Fixed horizon labels is a classification labeling technique used in the following paper: Dixon, M., Klabjan, D. and Bang, J., 2016. Classification-based Financial Markets Prediction using Deep Neural Networks.

Fixed time horizon is a common method used in labeling financial data, usually applied on time bars. The rate of return relative to \(t_0\) over time horizon \(h\), assuming that returns are lagged, is calculated as follows (M.L. de Prado, Advances in Financial Machine Learning, 2018):

\[r_{t0,t1} = \frac{p_{t1}}{p_{t0}} - 1\]

Where \(t_1\) is the time bar index after a fixed horizon has passed, and \(p_{t0}, p_{t1}\) are prices at times \(t_0, t_1\). This method assigns a label based on comparison of rate of return to a threshold \(\tau\)
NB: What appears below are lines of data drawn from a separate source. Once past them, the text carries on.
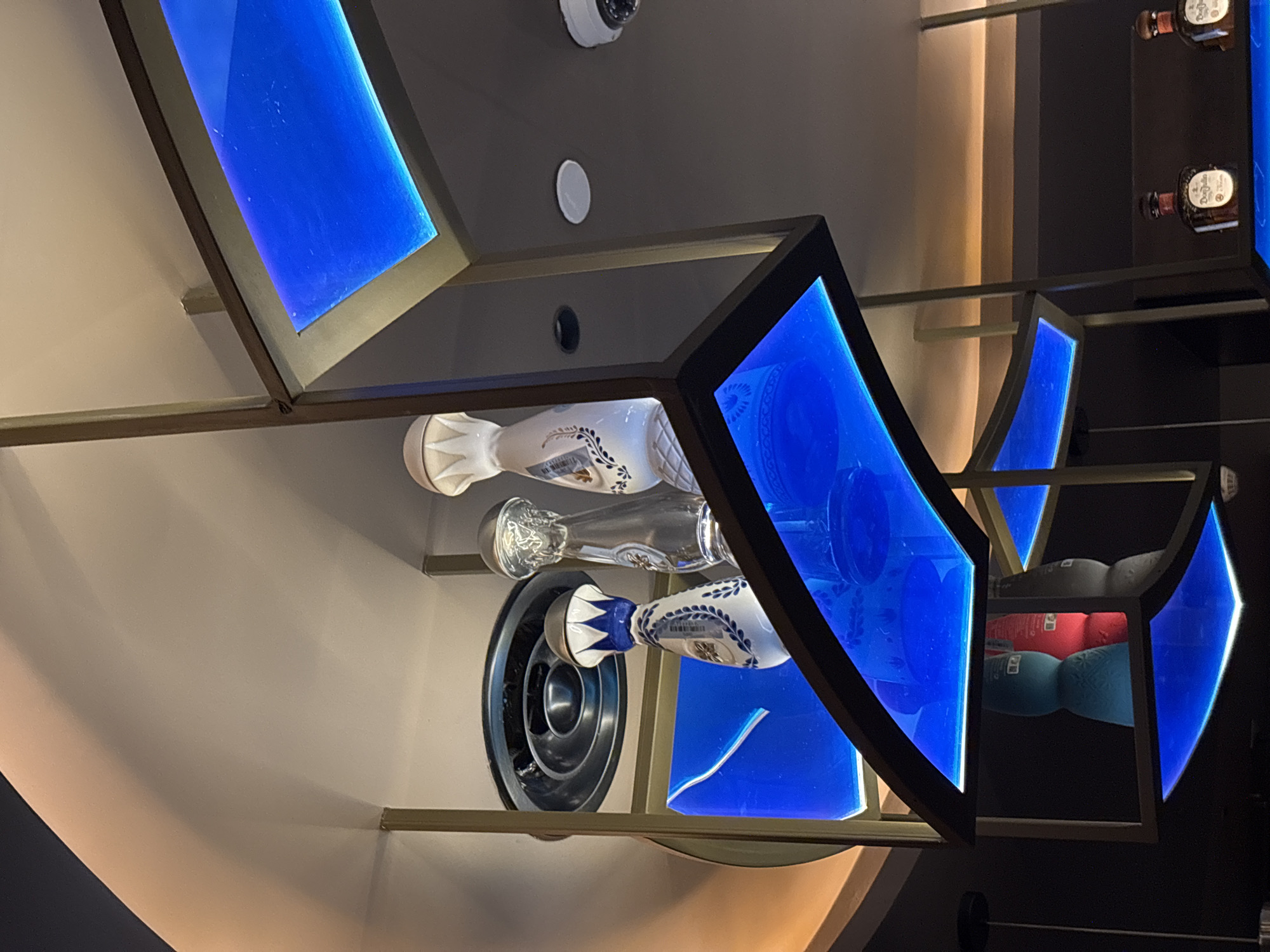 The image shows a display of decorative bottles on multiple shelves in what appears to be a bar or restaurant. The shelves are illuminated with blue LED lights, creating a vibrant ambiance. On the top shelf, there are three bottles: one is white with blue decorative patterns, another is clear glass, and the third is white with a ribbed texture. Below this shelf, on a blue illuminated surface, are two more bottles, one blue and one red, partially obscured by the shelf above. Further down, on a lower shelf also illuminated by blue light, are two brown bottles with red labels. The overall setting is modern and dimly lit, with warm lighting visible on the ceiling in the upper portion of the image. There are no people visible in the frame. The location is identified as Amman, Jordan.
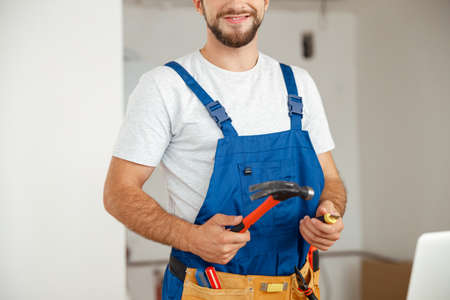Cropped shot of professional handyman worker in uniform smiling at camera and holding hammer during renovation work indoorsの写真素材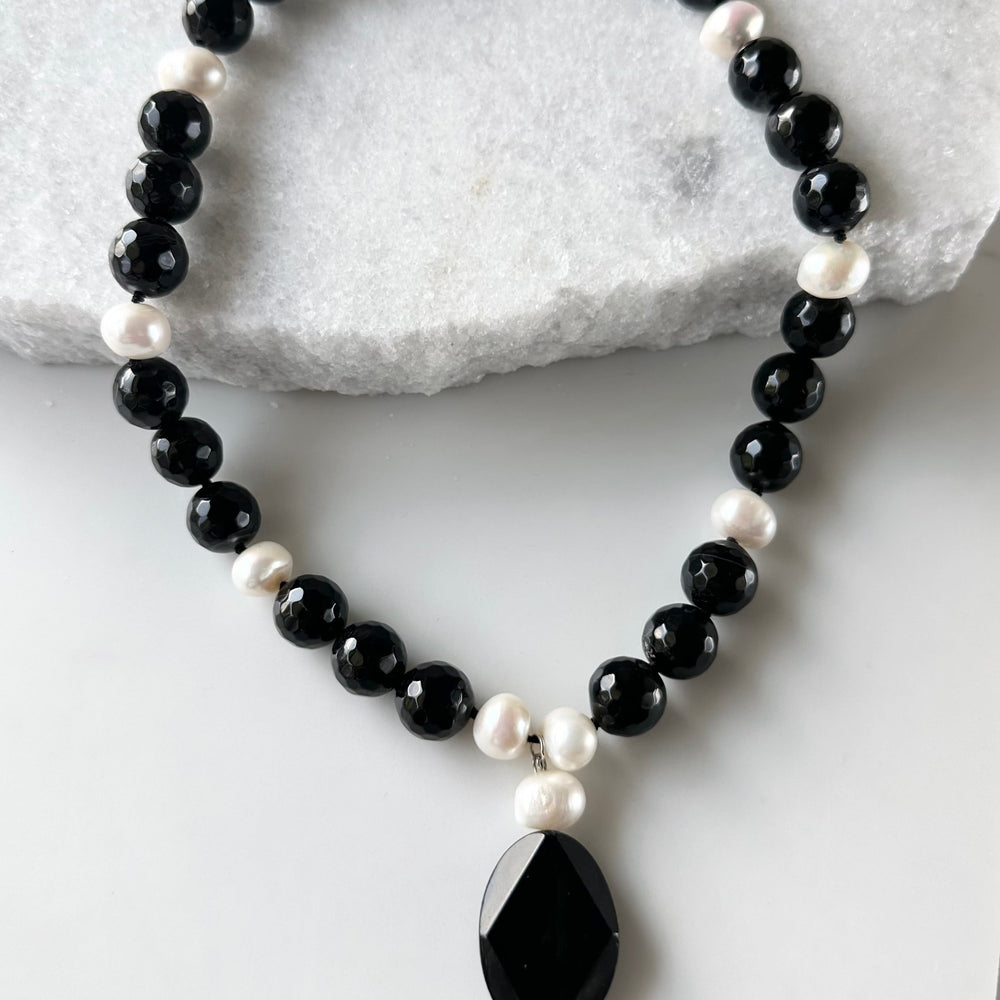 
                      
                        Large Freshwater Pearls Adorn this Necklace of Large (14mm) Black Agate with 2” Pendant and a Strong Secure Magnetic Clasp for Easy Wear.
                      
                    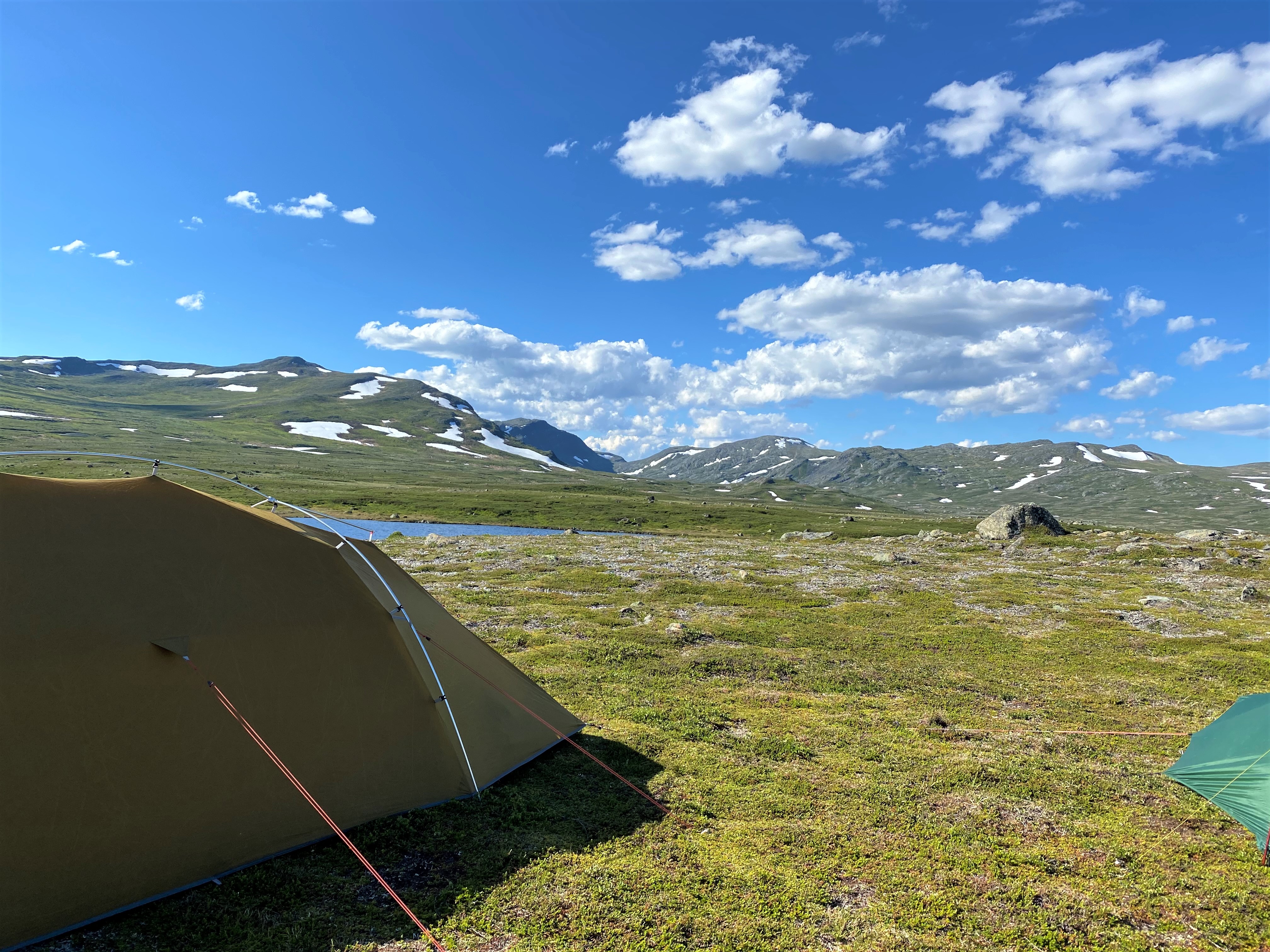 Utsiktsbild med tält och fjällsjö i förgrunden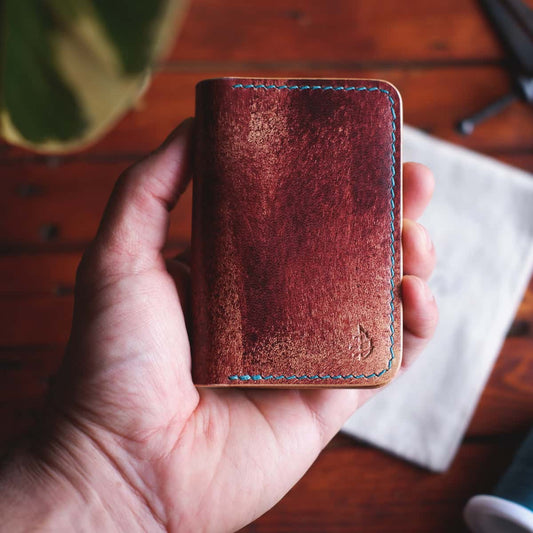 The Monterey Slim Bifold wallet in Mogano Appaloosa leather held in hand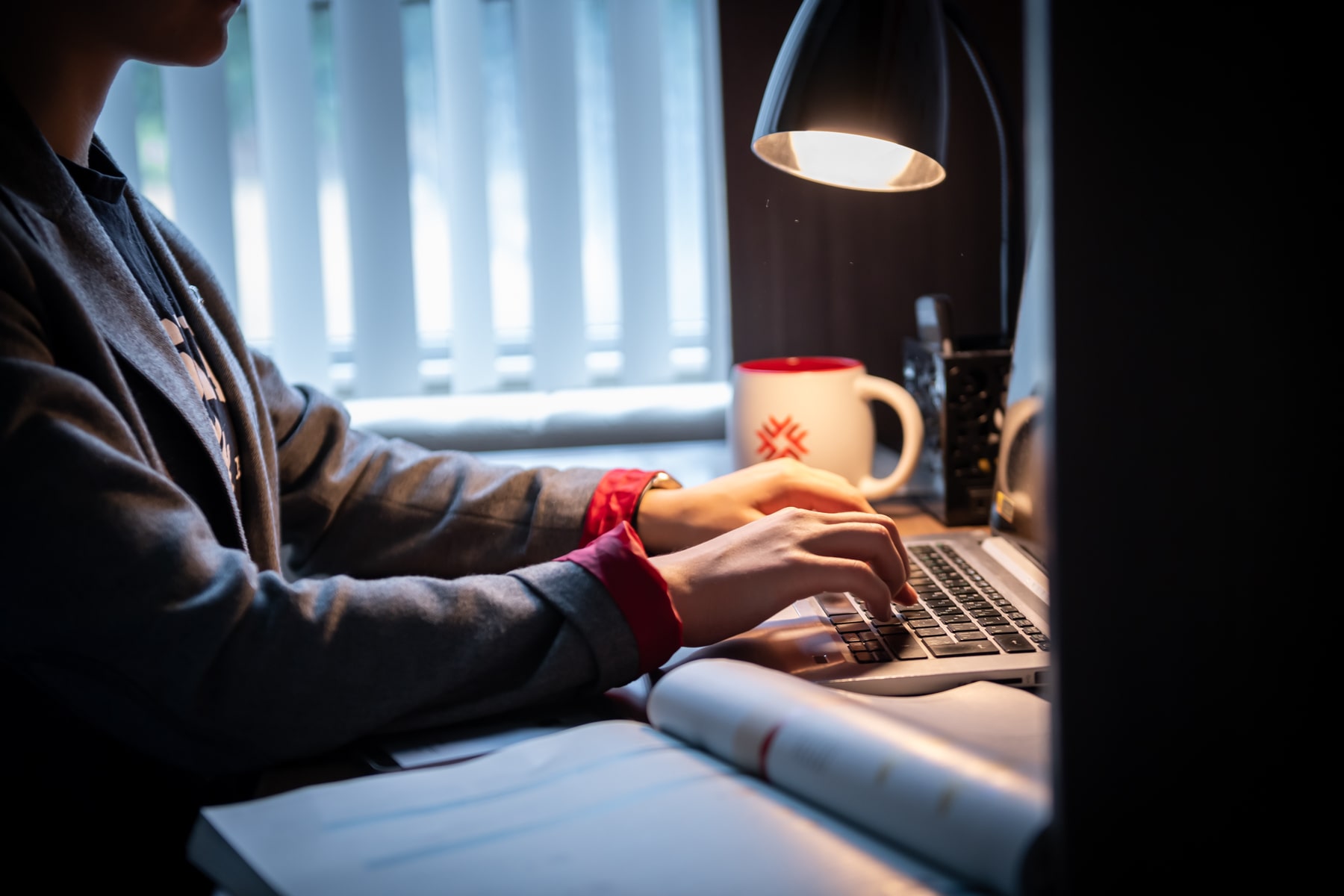 Student typing on a laptop at a desk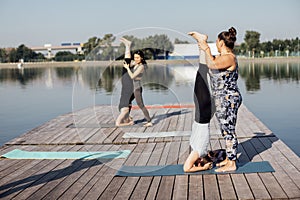 Morning yoga class on a wooden pier in the city. Young women stand in a headstand on mats. The instructor helps to do the exercise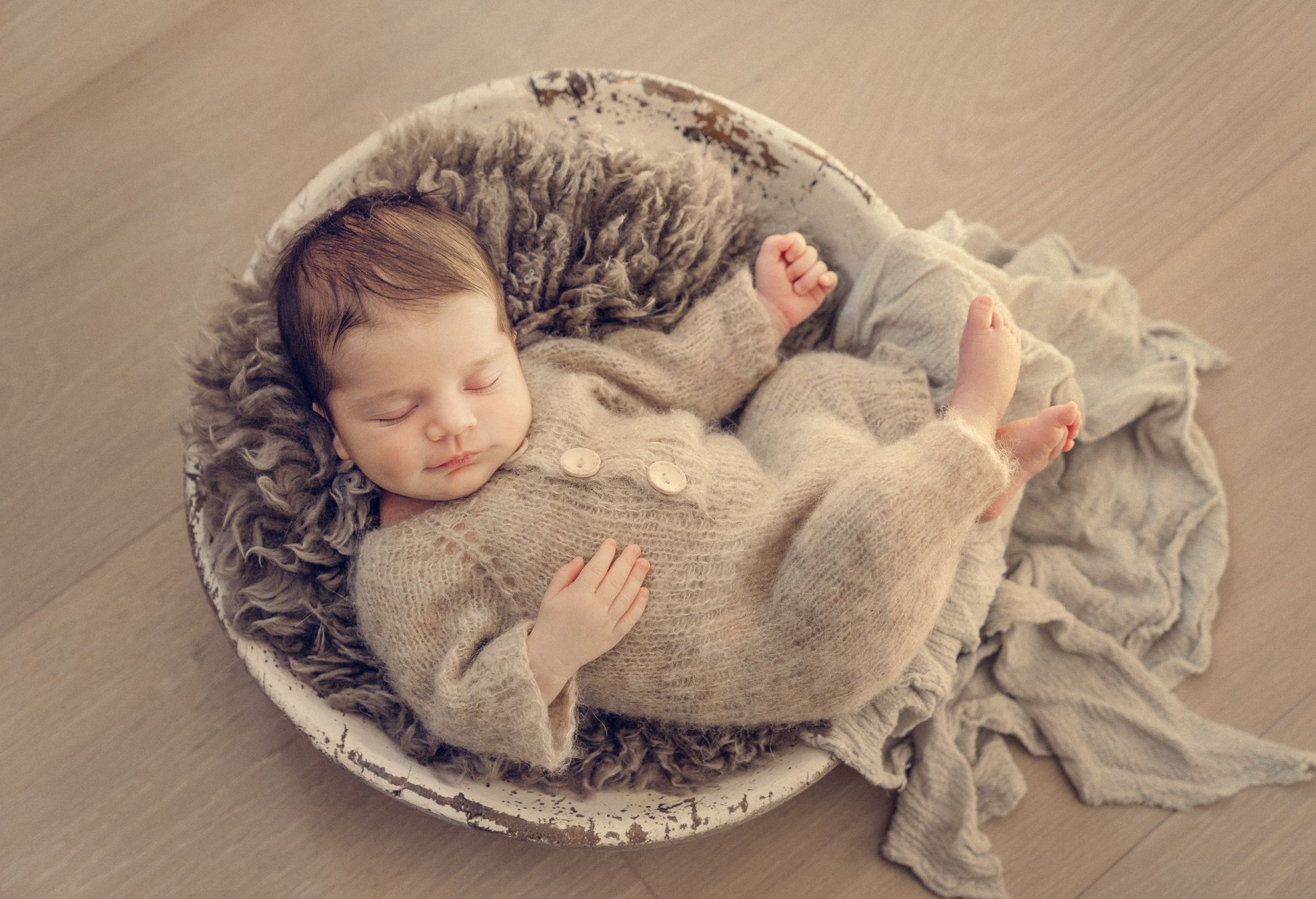 Sleeping baby swaddled in soft gray blanket lying on textured backdrop in vintage-style newborn photography series.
\[\begin{split}\begin{equation} \begin{split} L_{t0, t1} = \begin{cases} -1 &\ \text{if} \ \ r_{t0, t1} < -\tau\\ 0 &\ \text{if} \ \ -\tau \leq r_{t0, t1} \leq \tau\\ 1 &\ \text{if} \ \ r_{t0, t1} > \tau \end{cases} \end{split} \end{equation}\end{split}\]

To avoid overlapping return windows, rather than specifying \(h\), the user is given the option of resampling the returns to get the desired return period. Possible inputs for the resample period can be found here.. Optionally, returns can be standardized by scaling by the mean and standard deviation of a rolling window. If threshold is a pd.Series, threshold.index and prices.index must match; otherwise labels will fail to be returned. If resampling is used, the threshold must match the index of prices after resampling. This is to avoid the user being forced to manually fill in thresholds.

The following shows the distribution of labels for standardized returns on closing prices of SPY in the time period from Jan 2008 to July 2016 using a 20-day rolling window for the standard deviation.

fixed horizon example — Distribution of labels on standardized returns on closing prices of SPY.¶

Though time bars are the most common format for financial data, there can be potential problems with over-reliance on time bars. Time bars exhibit high seasonality, as trading behavior may be quite different at the open or close versus midday; thus it will not be informative to apply the same threshold on a non-uniform distribution. Solutions include applying the fixed horizon method to tick or volume bars instead of time bars, using data sampled at the same time every day (e.g. closing prices) or inputting a dynamic threshold as a pd.Series corresponding to the timestamps in the dataset. However, the fixed horizon method will always fail to capture information about the path of the prices [Lopez de Prado, 2018].

Tip

Underlying Literature

The following sources describe this method in more detail:

Advances in Financial Machine Learning, Chapter 3.2 by Marcos Lopez de Prado (p. 43-44).
Machine Learning for Asset Managers, Chapter 5.2 by Marcos Lopez de Prado (p. 65-66).

Implementation¶

Fixed-Time-Horizon Labeling Method

The article “Classification-based Financial Markets Prediction using Deep Neural Networks” by Dixon et al. (2016) describes how labeling data this way can be used in training deep neural networks to predict price movements.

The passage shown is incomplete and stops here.